Luíza Mitke, hoje com 11 anos, é a típica representante da
geração de Nativos. Assim como a maior parte dos seus amigos, ela
passeia com naturalidade por redes sociais online, usa MSN, celular, tem
email e blog - ou seja, domina a internet.
Para Luíza, a rede é apenas mais um meio, não uma assustadora
novidade. Ao mesmo tempo, saca tanto de computador que foi a responsável
pela inclusão digital da mãe e da avó. Dos meios "analógicos" comuns à
geração anterior, só conhece a máquina de escrever, que no entanto nunca
chegou a usar. Carteiro, então, ela só viu passar na rua.
- Realmente não sei como mandar uma carta direitinho - diz ela.
Luíza faz parte, diz o estudioso do assunto e consultor em
Inovação e Tecnologia Volney Faustini, da geração "banhada em bits", que
está promovendo uma mudança radical na forma como o ser humano interage
com o mundo.
De acordo com Faustini, é possível um imigrante digital conviver
em harmonia com a nova geração, mas este nunca vai perder o "sotaque":
- Como imigrantes digitais, falamos com sotaque. O nativo fala a
linguagem digital com naturalidade e pertinência. Ele sabe inclusive ler
na tela do computador. Já o imigrante não tem a mesma desenvoltura, a
mesma fluência. Não à toa, este ainda imprime emails para ler - diz o
estudioso.
O especialista Volney Faustini cita uma analogia para explicar
como um imigrante digital pode lidar bem (ou não) com a nova geração
Web: um estrangeiro que chega no Brasil pode aprender a falar português
fluentemente (com sotaque) e se sentir à vontade, "em casa", ou viver
aqui 40 anos e nunca perder o sotaque carregado e continuar se sentindo
um peixe fora d´água. Se é possível uma boa convivência? Sim, mas as
diferenças vão continuar existindo.
O jornalista Fausto Rêgo, pai de Luíza, é daqueles que se
enturmaram, a ponto de ter mais características de nativo digital que de
imigrante.
- Apesar de ser um "nativo analógico", fiz bem a
transição. Me encantam as possibilidades da tecnologia, a quebra de
hierarquias gastas, a capacidade de fazer mais com menos. E isso tudo
mesmo me assumindo um sujeito linear e sequencial, que faz uma coisa de
cada vez. Minto: até faço, mas me incomoda dar conta de várias tarefas
ao mesmo tempo. Deve ser bug meu.
Para Faustini, não é bug não, é o uso da tecnologia que faz com
que o imigrante se adeque à nova realidade. Ele cita o estudioso Malcolm
Gladwell, para quem são necessárias dez mil horas para que qualquer
pessoa tenha fluência em qualquer coisa - como idiomas em geral e a
linguagem digital em particular:
- O nativo está mais pronto para a tecnologia. Estudos indicam
que nossos filhos têm plasticidade cerebral diferente da nossa. O que
pode explicar que ele seja capaz de fazer muitas coisas ao mesmo tempo,
como assistir TV com fone no ouvido e teclando no PC - diz Faustini.
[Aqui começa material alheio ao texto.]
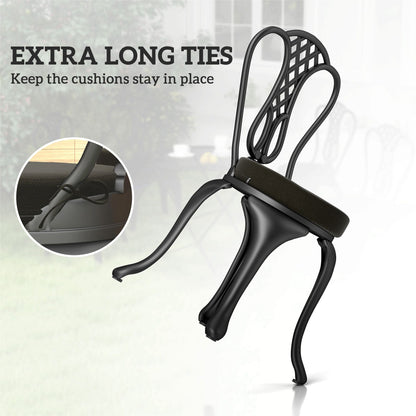 Patio Chair Cushions Set of 4 Round Seat Cushions for Dining Bistro Chairs Machine Washable, 15" x 15" x 3", Black - Renee Lane Company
O pensador e especialista em computação Silvio Meira cita o
"tecnólogo" inglês Douglas Adams para explicar a geração nativa digital.
Disse Adams que "tudo o $existe quando você nasceu é absolutamente
normal para você".
- Tenho email há 28 anos. Não sou imigrante, faço parte da
tecnologia. A questão não é de idade ou de percepção, e sim de entender a
mudança de cenário - diz Silvio.
Lembra ele que a tecnologia é rápida demais, e que é necessário correr atrás.
- A cada 18 meses dobra a capacidade de processamento dos micros;
a cada 12 meses, a de armazenamento; já a velocidade de transmissão de
dados dobra a cada nove meses, enquanto o preço de tudo permanece o
mesmo. Na hora em que se percebe isso, é preciso se perguntar: "onde
estou?". Muita gente espera que a tecnologia esteja aí pelo menos por
dez anos até se adaptar a ela, como foi com a internet. Aí vem uma
geração nova que vai te passar para trás e tomar seu lugar - diz.
É preciso se abrir para as novas tecnologias e as novas formas de pluralidade
Outra que não se encaixa na categoria "imigrante" é Ana Cristina
Fiedler, mãe de Bruno, de 10 anos. Embora admita que o filho é mais
capaz de lidar com muitas coisas ao mesmo tempo, ela cria para si uma
nova categoria: a dos "migrantes pendulares".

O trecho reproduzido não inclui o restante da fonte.